- Bonita Friedericy as General Diane Beckman
- First appearance: "Chuck Versus the Helicopter"
- Last appearance: "Chuck Versus the Goodbye"
- Portrayed by: Bonita Friedericy

In-universe information
- Gender: Female
- Title: Brigadier General
- Occupation: Director of the NSA United States Air Force Buy More manager (cover)
- Significant other: Roan Montgomery (longtime lover)

= Diane Beckman =

Brigadier General M. Diane Beckman, USAF is a fictional character in the NBC television series Chuck. Beckman is a senior official of the National Security Agency, working within the Office of the Director of National Intelligence. She holds her rank of brigadier general in the United States Air Force. She revealed that she spent a significant amount of time and resources hunting Orion, the Intersect's chief designer, before he re-appeared and made a deal with the government. Little information about her personal life and past service has been revealed. She first entered the military prior to August 14, 1974, and fought in two battles during the Gulf War. She has had a non-exclusive romantic relationship with Roan Montgomery for more than 20 years (see "Personality" below). Beckman also maintains a close friendship with Dr. Condoleezza Rice.

==Series==
General Beckman first appeared in "Chuck Versus the Helicopter", replacing the National Intelligence Director (Wendy Makkena) as overseer of Operation Bartowski. Initially, Casey and Sarah were to protect Chuck only until the replacement Intersect was back online. Sarah and Chuck believed that once this occurred Chuck would be free to go back to his normal life; however Beckman secretly issued orders to Casey that Chuck was to be killed to prevent the government secrets he retained from falling into the wrong hands. However, after the destruction of the second Intersect this order was rescinded. Additionally, because Operation Bartowski was the only effective weapon against CIA splinter group Fulcrum, Beckman decided that Chuck was far too important and valuable a resource to be released. She therefore blocked his attempts to contact Orion and have the Intersect removed. Beckman has also made it clear that if Chuck is ever identified, he will be taken into protective custody.

Beckman's primary role on the series is to provide "Team Bartowski" with intelligence updates on Chuck's flashes and assign their mission objectives. Most of the time these missions are the result of something Chuck flashes on in the course of his normal day. However, on several occasions Beckman has issued an assignment of her own devising based on events elsewhere, to which Chuck's abilities as the Intersect are particularly well-suited. Beckman herself is seldom personally involved on these assignments and allows the team to proceed on their own. However, in "Chuck Versus the Crown Vic" she benched the team when a flash by Chuck went bad, and ordered Casey locked down when his personal vendetta against his former mentor botched a mission. Beckman personally involved herself when Chuck was contacted by Orion after a rogue search and flew to Burbank to debrief the team. This was the first time since the pilot episode that one of the team's supervisors met with them in-person, and also the first time they were directly involved in that episode's mission.

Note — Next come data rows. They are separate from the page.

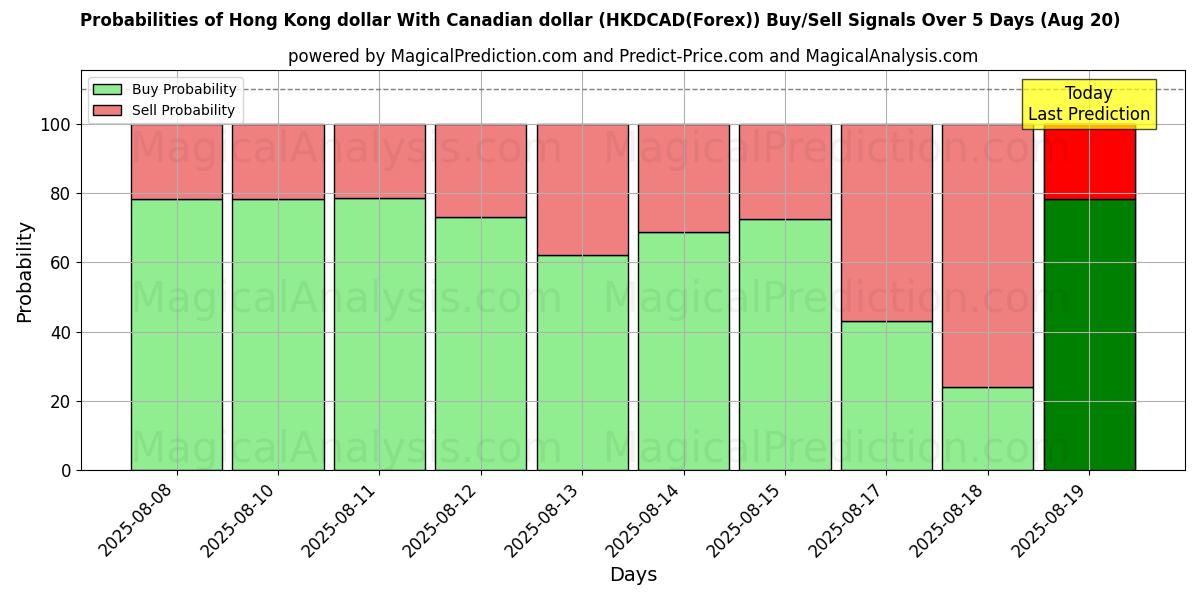 Probabilities of Hong Kong dollar Med kanadensisk dollar (HKDCAD(Forex)) Buy/Sell Signals Using Several AI Models Over 5 Days (20 Aug) 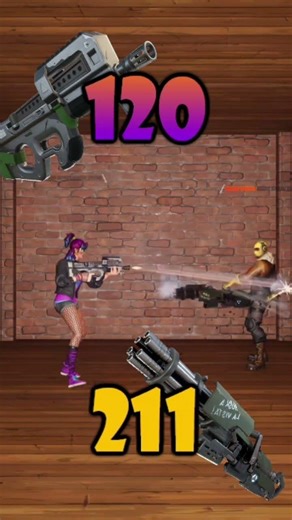 Compact SMG vs Minigun #fortnite #compactsmg #minigun #fyp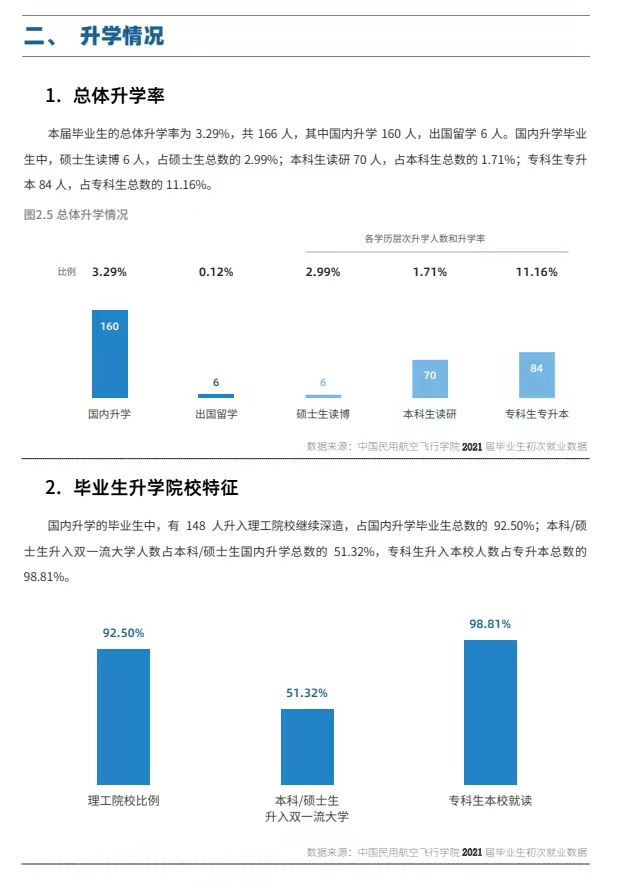 東亞研究留學_美國 留學一年費用_美國研究生留學費用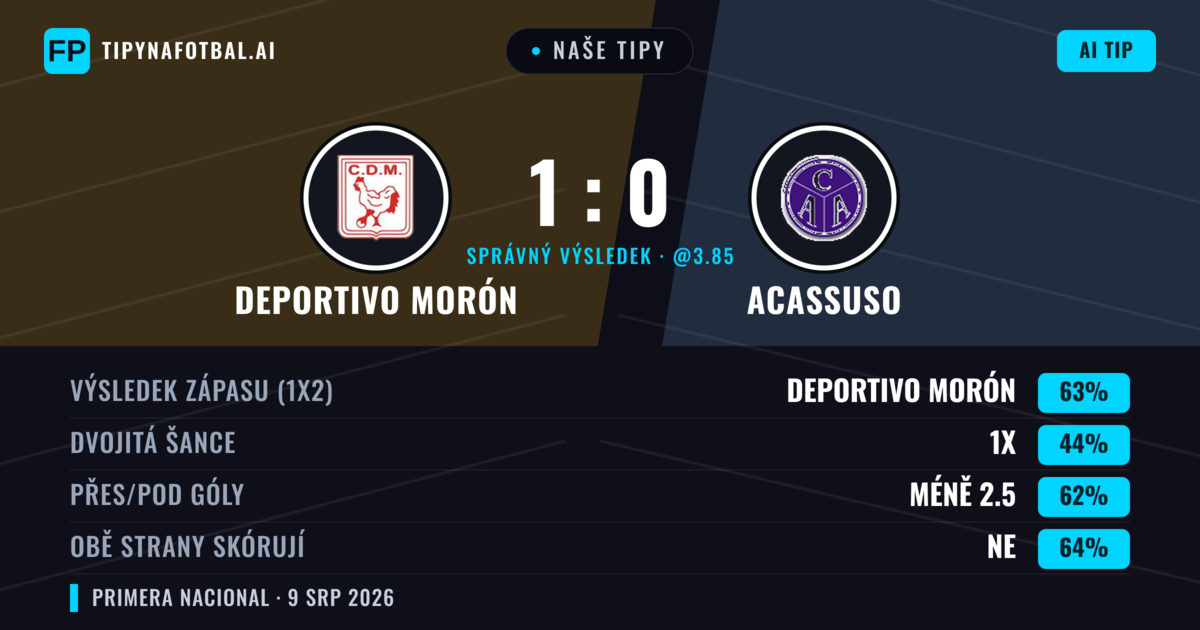 Naše tipy: Deportivo Morón vs Acassuso — Deportivo Morón — Vítězství (62%); Pod 2.5; Obě strany skórují: Ne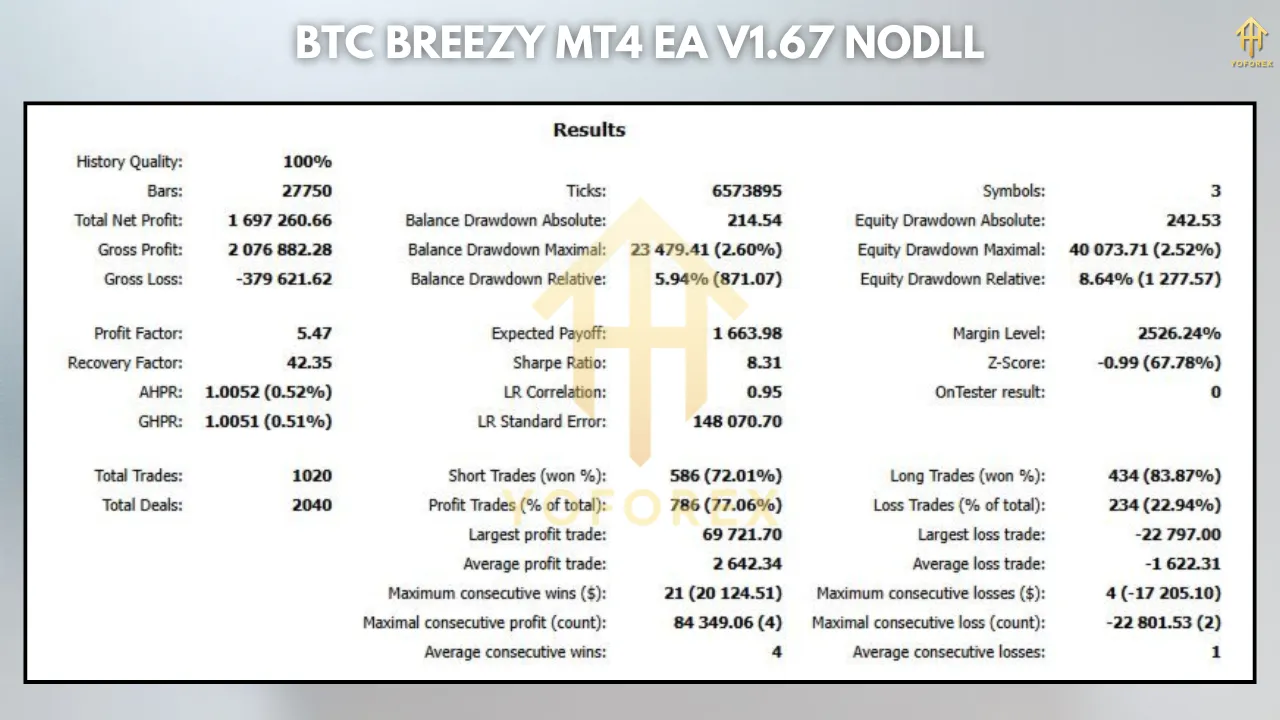 BTC Breezy MT4 EA V1.67 4 BTC Breezy MT4 EA V1.67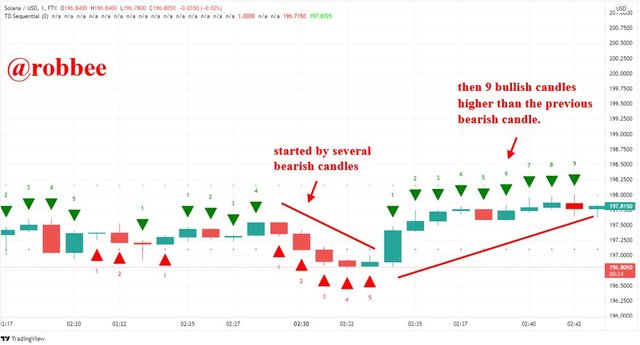 3.1 pengaturan pasar bullish.JPG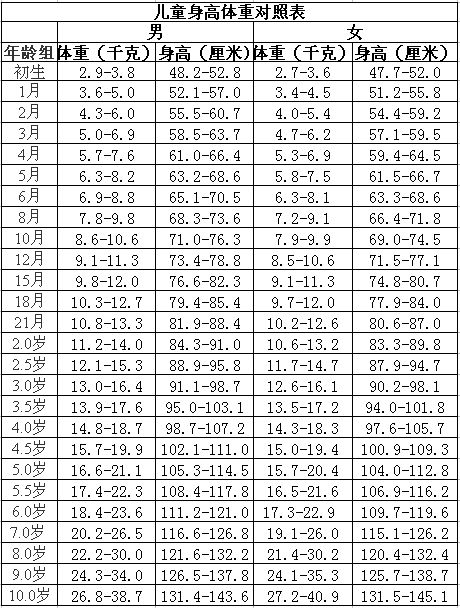 九个月宝宝身高体重 附儿童身高体重对照表 宝宝树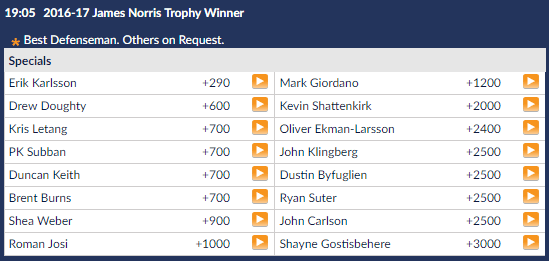 norris-trophy-hockey-nhl-prop-betting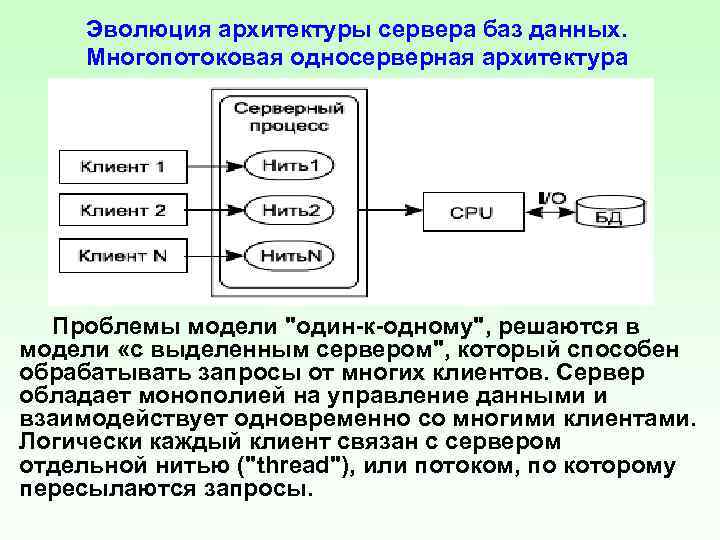 Описание данных предполагает. Файл серверная архитектура БД. Архитектура клиент-сервер базы данных. Многопотоковая односерверная архитектура. Эволюция базы данных.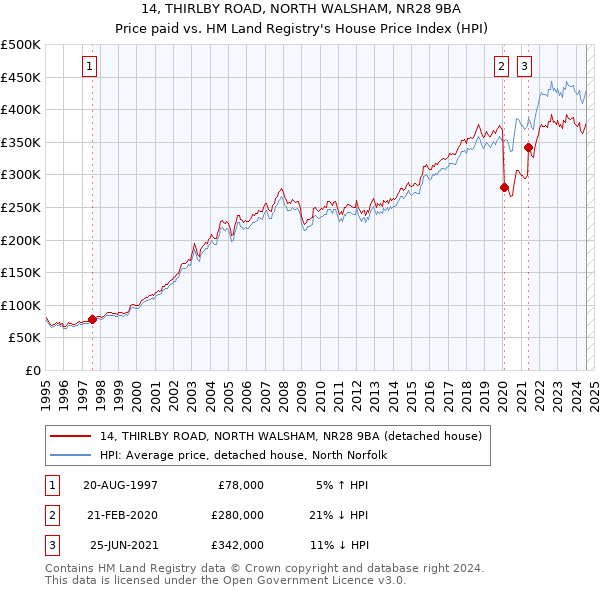 14, THIRLBY ROAD, NORTH WALSHAM, NR28 9BA: Price paid vs HM Land Registry's House Price Index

General Beckman typically declines to interfere directly with the team's dynamics. However Sarah's confrontational attitude towards her treatment of Chuck in "Chuck Versus the Predator" led to her concern that Sarah was too emotionally close to the asset. After Casey attempted to cover for them, she requested he provide an unedited report on Chuck and Sarah's relationship. This led to her reassigning CIA agent Alexandra Forrest as Chuck's CIA handler under directive 49-B. After Forrest subsequently failed to protect Chuck because she lacked Sarah's close personal connection and understanding of him, Beckman was forced to acknowledge that Sarah's feelings for the asset made her the best choice to protect him.

After Chuck's failed operation to locate his father, and he allowed Jill to escape, Beckman decided to pull the plug on Operation Bartowski and ordered Casey and Sarah to take Chuck into permanent custody. She reversed this decision when the Intersect was removed from Chuck's head in "Chuck Versus the Colonel". In "Chuck Versus the Ring" she offered Chuck an analyst position on the Intersect Project. She then freed Casey to return to his old unit, and reassigned Sarah to the Intersect Project with Bryce Larkin.

Rounding out Beckman's interference with the team, she ordered Sarah to apprehend Casey upon learning that he had stolen a valuable item from a CIA facility, and when Casey was broken out, she came to Castle and ordered Sarah and Chuck to capture him, dead or alive. Despite the three agents eventually working together and taking down the Ring cell that had coerced him into stealing from the CIA in the first place, Beckman could not brook Casey's treason, and dismissed him on the spot. Beckman also wished to discuss Sarah transferring out of Burbank, as Chuck has needed her less and less.

Beckman does not look lightly on the three years and "untold millions of dollars" spent helping Chuck reach his potential, but has become understanding of Chuck's "hand-wringing" and "second-guessing" as part of his process. Beckman insists that until seeing video recovered from the Ring, she had no knowledge that Sarah had killed Shaw's wife.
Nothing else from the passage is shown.